→ **DATA PROVIDED**
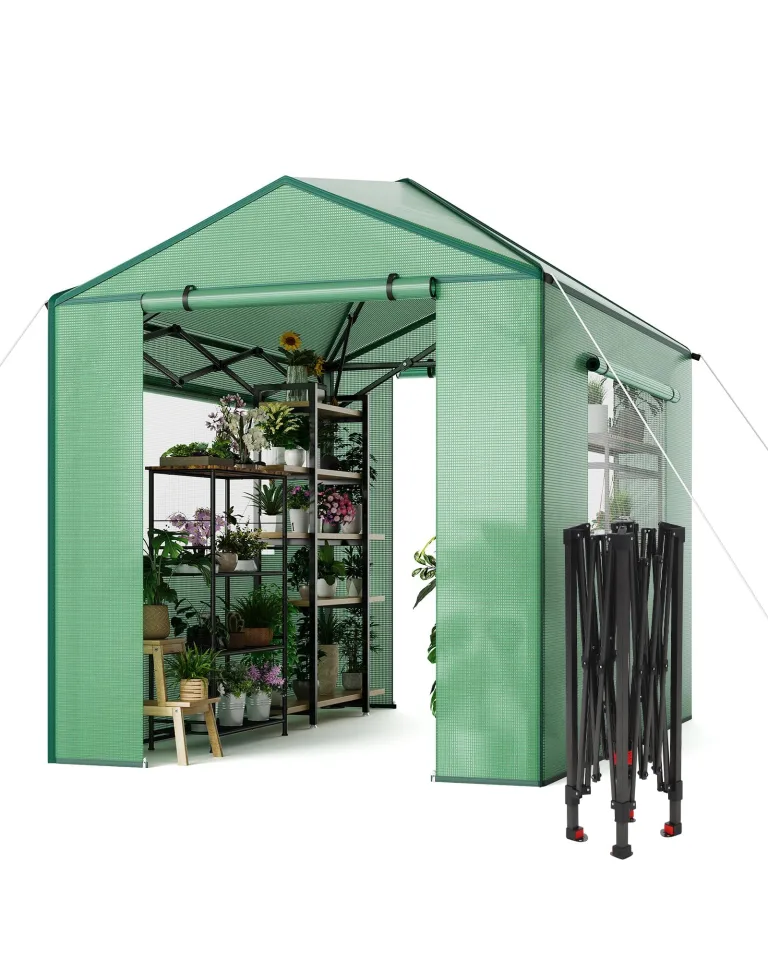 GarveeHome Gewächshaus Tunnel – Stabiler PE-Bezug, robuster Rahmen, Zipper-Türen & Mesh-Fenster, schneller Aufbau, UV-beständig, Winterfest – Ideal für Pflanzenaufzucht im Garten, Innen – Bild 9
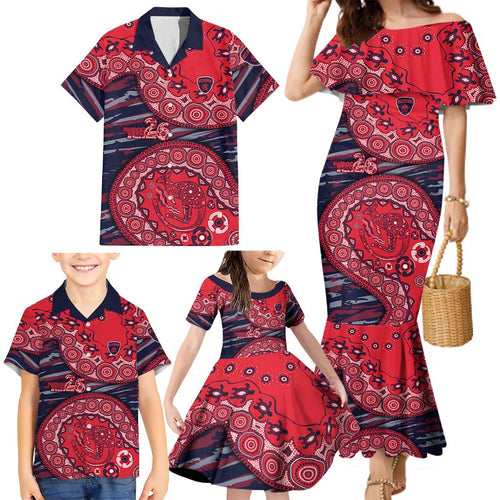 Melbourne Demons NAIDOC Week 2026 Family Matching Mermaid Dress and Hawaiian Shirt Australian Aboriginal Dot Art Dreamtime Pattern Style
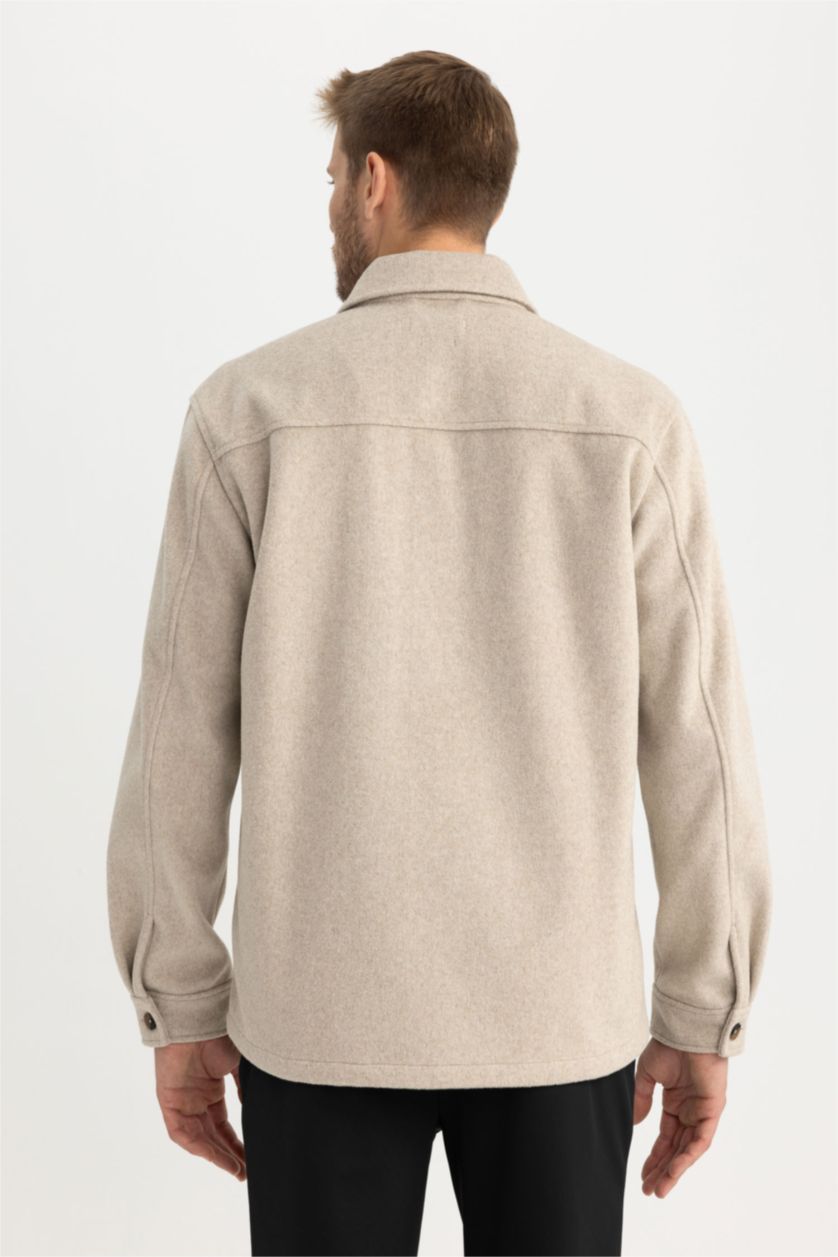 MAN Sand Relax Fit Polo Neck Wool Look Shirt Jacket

→ **TASK BRIEF**
Give the lines from the one containing "Melbourne Demons NAIDOC" through the last line of the material again, exactly and with no pictures, both ends included.

→ **EXERCISE SOLUTION**
 Melbourne Demons NAIDOC Week 2026 Family Matching Mermaid Dress and Hawaiian Shirt Australian Aboriginal Dot Art Dreamtime Pattern Style
 MAN Sand Relax Fit Polo Neck Wool Look Shirt Jacket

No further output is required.